Fr. Robert J. Hater in his awesome book Common Sense Catechesis gives catechists an instructional form to understand the “Lessons from the Past” as well as a “Road Map for the Future.”
I love that. While it’s good to know where we came from and how we got to where we are today, that’s just an echo of thoughts if the student is not given a map pointing him in the right direction. That’s so important.
Let’s get started with this book study, shall we?
The forward of Fr. Hater’s book is written by Sister Angela Ann Zukowski of the University of Dayton. She makes sure the reader is aware of the “shifts” in our society and culture. There have been political, psychology, sociology, methodology, and anthropology shifts. I’ll wait will you google some of those definitions. 😉
Our whole world has changed. Is changing and “secularism, relativism, consumerism, and individualism” are making us (and especially our children) think and act differently. There’s no going back, folks. I’m sorry. Just as there is no going back to the caveman era or the stone ages, there is no going back for those of us living in the technological age. Aside from the second coming, we know too much. Man has always moved forward, never backward.
Mother the Church is wise beyond her years. While God does not change, the Church does. It is the human community on earth…ever nurturing, ever guiding.
The Popes have been guardians of the growth and changing nature of this human entity, constantly taking the rebellious, delinquent child by the neck and guiding us back, giving us a deliberate shake, and reminding us what the consequences of our actions are. And then, most importantly of all, forgiving us and embracing and welcoming us back home.
Like it or not, every home needs a disciplinarian. And every home needs a comforter. Such has always been the image of the family in the characters known as Father and Mother. This creates a balance. Life pleads for balance.
For years the family has been the unshakeable stronghold of the Church.
The domestic church linked to the ever greater Church. The “traditional Catholic family…offered balance, stability, and direction…” In many homes, it still does. I know these families. I see them in Church and CCD every week.
Yet cultural, political, environmental, global “shifts” have shifted our ways of thinking, our views, our opinions, our actions.
“The family is experiencing a profound cultural crisis, as are all communities and social bonds. In the case of the family, the weakening of these bonds is part…icularly serious because the family is the fundamental cell of society, where we learn to live with others despite our differences and to belong to one another; it is also the place where parents pass on the faith to their children. Marriage now tends to be viewed as a form of mere emotional satisfaction that can be constructed in any way or modified at will. But the indispensible contribution of marriage to society transcends the feelings and momentary needs of the couple.” — Pope Francis, from his apostolic exhortation Evangelii Gaudium
Mother Church sits there reminding us that we have been adopted by a King. We are children of God. We are loved. We have dignity. We are valuable. Procedure with caution. Listen to your Mother.

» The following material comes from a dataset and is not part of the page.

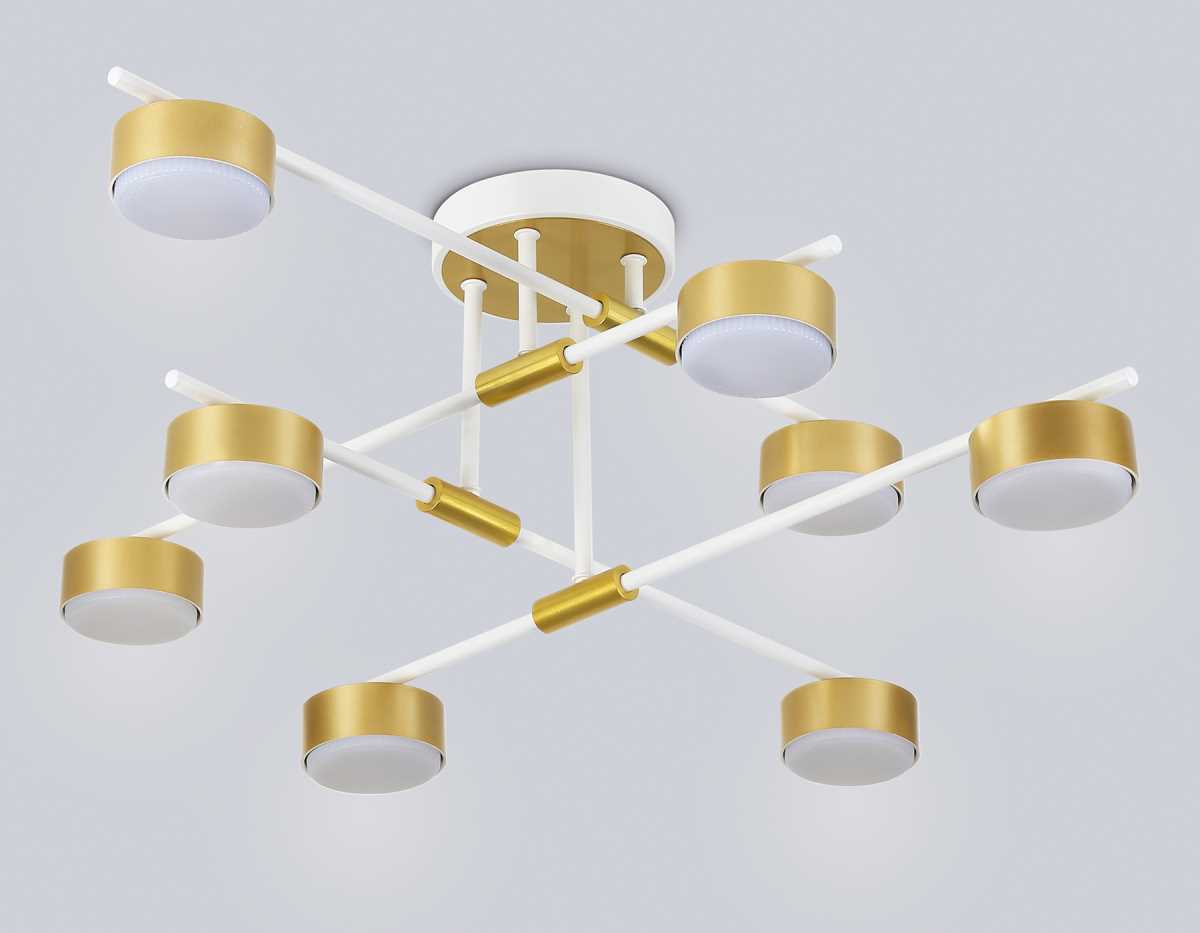 Люстра Ambrella Light COMFORT FL51751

And the rebellious child spits at her and recklessly goes along with his free will, master of his senses. Many children today grow up without that fatherly influence. And without a father, there is no protection for the family.
The Church has always harbored the poor, the unwanted, the undesirables, the rejected, the homeless, the fatherless.
Numerous Popes have been the fatherly voice, fiercely reinforcing the mother’s counsel. Sometimes the Church is the only authoritative voice in a child’s life. Popes, like fathers, tend to be blunt and authoritative. With youth we don’t see the wisdom, not until we’re old and spent (miserably so)…and wisdom has found us. It’s all quit natural. And then we wish we had listened more to that old reckoning voice.
It might help to remember that the Church is over 2000 years old. That’s pretty old by anyone’s standards. And pretty wise.
The Church has outlived emperors and plagues and generals and presidents and kings and it will outlive each of us.
Perhaps we, people of the 21st century, would be wise in listening more closely to the trail of wisdom left by a Church founded by the Voice of God.
Perhaps that is what we need to tell the children who come through our religious education doors this school year. If they desire to be open-minded, begin by listening to the Voice of God that is older and wiser than their parents and grandparents.
The questions Sister Angela mentions are:
- Why is there such a loss of Catholic culture and identity today?
- Why is parish participation rapidly declining?
- Why are Catholic unable to clearly and convincingly explain their faith when confronted?
These are questions catechists in the schools needs to address and know.
Pope Francis challenges catechists: “The catechist, then, is a Christian who is mindful of God, who is guided by the memory of God in his or her entire life and who is able to awaken that memory in the hearts of others. That is not easy! It engages our entire existence! What is the Catechism itself, if not the memory of God, the memory his works in history and his drawing near to us in Christ present in his word, in the sacraments, in his Church, in his love?
“Dear catechists, I ask you: Are you in fact the memory of God?” (September 29, 2013)
In order to be the memory of God, wouldn’t it make sense to have a “historical catechetical perspective”? To “learn from the past in order to re-imagine the future”?
Fr. Hater, in this book, helps us to follow the Church’s vision and mission in evangelizing and disciplining the Church and why it will take new approaches and methodology for catechesis in today’s ever-changing world.